エビを餌につけ、カンタンな胴突き仕掛けをおろす。
すぐさまコツコツとアタリがあり、クッと竿先が吸いこまれた。
竿を立てるとプルプルと生命反応があり、ぐっと興奮が増す。
あがってきたのは小さなカサゴで、よしよしと愛でたらすぐに海に帰してやった。
そうしていくつも魚信をたのしんで、そろそろ6時である。
オクサマを電話で起こす。
「きっと子供たち楽しめるから連れておいでよ、朝食までちょっと遊ぼう。」
10分ほどするとオクサマとチョーナン・ジナンが寝起きの腫れぼったい目でやってきて、一緒にちょい釣りを楽しんだ。
小カサゴ、小グレ、スズメダイ、クサフグ、ベラ…外道ばかりで全てリリースだったけど、家族でキャッキャと写真をとりながら朝食までのひとときを楽しめたのであった。
海は心のリセットスイッチだ。
またまた海の幸にあふれた朝食を用意してもらい、腹パンパンで部屋にころがる。
昨日とは打って変わっての晴天で風もなく、春の陽気とドデカい海が窓のそとに広がっていた。

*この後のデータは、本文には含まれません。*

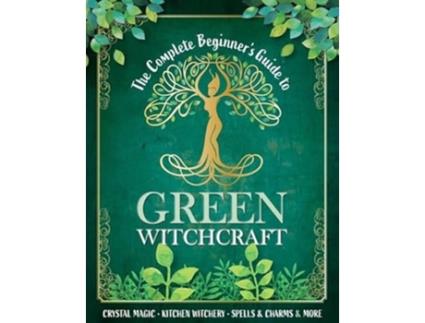 Livro The Complete Beginners Guide to Green Witchcraft de O'Neill e Juliette (Inglês)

ふと思い立って決めた旅行だったので特にプランもなく、このあとも自由である。
荷物をまとめて、民宿のおっちゃんおばちゃんと話をたくさんした。
「また来てくれてありがとうね。」
「もちろんまた来ますよ!」
とお別れをし、荷物を車に積みこんだ。
すぐに村を離れるのはまだ名残惜しいので、ちょっと浜にでて水遊びをしつつ、海風をたっぷりカラダに溜め込んでおいた。
我が家はなかなか海とは遠いところに住んでるけど、こうしてたまに海までくると、たっぷり力をもらえるのだ。
そして暮らしのなかで日々すこしづつ積み上げられていく複雑さを、海にすとんと置いていくことができる。
海が洗い流してくれる、リセットしてくれるのだ。
だからまたこうして家族で海に来られることを楽しみに、日々をがんばっていこう。
帰りの車のなかでスヤスヤと眠る家族たちの姿をバックミラーに見ながら、シンプルで軽くなったココロで日常に戻っていくのであった。